Taulantet : sur un terrain de football, la révolution culturelle qui parle albanais

La victoire de Taulantet di Ponte Valleceppi (un hameau de la commune de Pérouse) n'est pas seulement la victoire d'un championnat, c'est une révolution culturelle. Une équipe qui a accompli un exploit qui va bien au-delà du simple résultat sportif : non seulement la conquête de la première catégorie ombrienne, mais le symbole d'une revanche pour un peuple arrivé sur nos côtes dans les années 90, après la transition du communisme au capitalisme. Une histoire d'identité et d'appartenance, qui raconte ceux qui, ces années-là, ont contribué à construire l'Italie.
Une équipe entièrement composée de garçons d'origine albanaise, qui, en deux ans, a franchi le pas de ses débuts en championnat de la FIGC à une victoire en play-off contre Virtus Foligno, entraînée par toute une communauté rassemblée autour du ballon comme s'il s'agissait d'un drapeau. Tous les garçons parlent parfaitement l'italien, beaucoup parlent même le dialecte pérugin, mais une seule identité les unit : la conscience d'être les descendants de Skanderbeg, le héros national qui a uni les principautés albanaises en menant la résistance contre l'avancée ottomane en Europe.

Fondé en 2012 dans le cadre des championnats amateurs, Taulantet est né d'un projet d'intégration pour les jeunes Albanais vivant en Ombrie. Son nom rappelle ses racines : les Taulanti, une ancienne tribu illyrienne. Aucune autre équipe italienne, actuellement en championnat de la FIGC (Fédération italienne de football), ne peut se targuer d'avoir un effectif entièrement composé de joueurs albanais.
Lorsque le président Artan Zogu, entrepreneur en construction, décide de faire le saut vers les amateurs avec le directeur sportif Fatbardh Hoxha, il confie la direction technique à l'expert "toscan" Roberto Gallastroni, un septuagénaire avec un passé dans le football professionnel, au récent diplômé de l'UEFA D Mirko Loche et à l'entraîneur sportif Gabriele Benda.
« Dans une équipe qui parle albanais, mon accent sarde semblait presque déplacé », explique Loche. « Mais non. C'est là, parmi les notes d'une identité collective, que j'ai trouvé mes racines, ma part d'identité. Moi aussi, je suis un homme venu de la mer, la valise pleine de rêves. Dans ce projet, j'ai perçu ce sentiment de revanche de ceux qui viennent de loin. »
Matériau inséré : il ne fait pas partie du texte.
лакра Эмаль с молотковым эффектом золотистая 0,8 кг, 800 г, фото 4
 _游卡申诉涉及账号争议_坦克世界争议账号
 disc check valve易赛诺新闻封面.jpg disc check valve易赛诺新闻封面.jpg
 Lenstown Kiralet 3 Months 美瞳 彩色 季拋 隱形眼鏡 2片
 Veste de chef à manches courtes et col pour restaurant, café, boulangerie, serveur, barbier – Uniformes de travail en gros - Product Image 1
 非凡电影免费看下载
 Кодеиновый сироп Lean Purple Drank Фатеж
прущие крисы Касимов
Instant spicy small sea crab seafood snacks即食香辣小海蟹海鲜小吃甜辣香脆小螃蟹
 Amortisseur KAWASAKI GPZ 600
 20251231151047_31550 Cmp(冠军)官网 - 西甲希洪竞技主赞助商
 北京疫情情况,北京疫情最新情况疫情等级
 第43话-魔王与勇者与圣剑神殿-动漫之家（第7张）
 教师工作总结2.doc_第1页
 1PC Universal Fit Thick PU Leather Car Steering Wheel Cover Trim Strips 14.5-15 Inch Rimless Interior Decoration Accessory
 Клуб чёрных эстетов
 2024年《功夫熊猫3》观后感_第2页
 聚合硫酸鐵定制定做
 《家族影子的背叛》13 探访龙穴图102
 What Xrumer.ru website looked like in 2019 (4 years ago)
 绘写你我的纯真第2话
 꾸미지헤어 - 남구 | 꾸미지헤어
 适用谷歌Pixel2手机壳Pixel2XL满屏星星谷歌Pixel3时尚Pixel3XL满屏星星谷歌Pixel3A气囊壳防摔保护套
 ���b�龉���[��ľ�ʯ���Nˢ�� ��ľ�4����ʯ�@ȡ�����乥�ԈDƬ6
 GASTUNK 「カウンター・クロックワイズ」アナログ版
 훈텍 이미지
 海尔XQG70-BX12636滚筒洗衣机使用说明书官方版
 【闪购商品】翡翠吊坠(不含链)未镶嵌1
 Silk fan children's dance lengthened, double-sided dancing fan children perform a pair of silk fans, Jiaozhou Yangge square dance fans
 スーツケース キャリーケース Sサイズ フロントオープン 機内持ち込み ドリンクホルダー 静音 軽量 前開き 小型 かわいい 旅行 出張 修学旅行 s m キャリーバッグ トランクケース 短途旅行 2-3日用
« Je vis en Ombrie depuis 25 ans, poursuit Loche, une terre merveilleuse pour laquelle je serai toujours reconnaissant. Je suis venu ici pour étudier et j'y suis resté par hasard. L'Ombrie est une région multiethnique et, au cours de mes études, j'ai rencontré Dritan, un Albanais de Tirana. Avec lui, j'ai immédiatement ressenti une grande affinité culturelle. De plus, le mot « loyauté » nous distinguait tous les deux. Et lorsqu'on m'a proposé d'être entraîneur adjoint d'une équipe composée uniquement de garçons d'origine albanaise, j'ai immédiatement pensé à lui. J'ai dit oui sans trop réfléchir. Parce que cette histoire me parlait. Il me ressemblait. »
Avec son énergie authentique, Loche a apporté un équilibre particulier au projet : « Je suis entré sur la pointe des pieds, mais le cœur ouvert. J'ai trouvé des frères. J'ai trouvé mon histoire, mais avec un autre passeport. Moi aussi, comme eux, je suis arrivé en Ombrie avec beaucoup à prouver et peu à montrer. Les comprendre était naturel. J'étais plus qu'un soutien sur le terrain : j'étais une référence dans le vestiaire. Un pont entre les côtes de Durazzo et celles des Pouilles, entre la rigueur tactique de Gallastroni et l'émotion d'un groupe qui joue avec cœur. Même si Dritan est rentré chez lui, et que ces dernières années nous nous voyons rarement, j'ai beaucoup reçu de cette communauté. Donner en retour, par le football, était naturel. C'était juste. »
La capitaine Marjo Seiti le confirme également avec une blague qui en dit long sur le rôle silencieux mais décisif de l'entraîneur adjoint : « Et puis il y a lui… un fou, un grand frère. Il y mettait toujours tout son cœur, il se disputait, il insultait tout le monde, il croyait toujours en nous. Et je pense que nous avons retiré une certaine satisfaction de lui. »
Après une saison de batailles, de sacrifices et de rêves poursuivis sous le soleil et la pluie, Taulantet se prépare pour l'année prochaine. Prêt à poursuivre son voyage, portant à travers l'Ombrie un ballon qui évoque l'intégration, l'identité et la fierté d'un peuple qui, grâce au sport, a trouvé une nouvelle voix.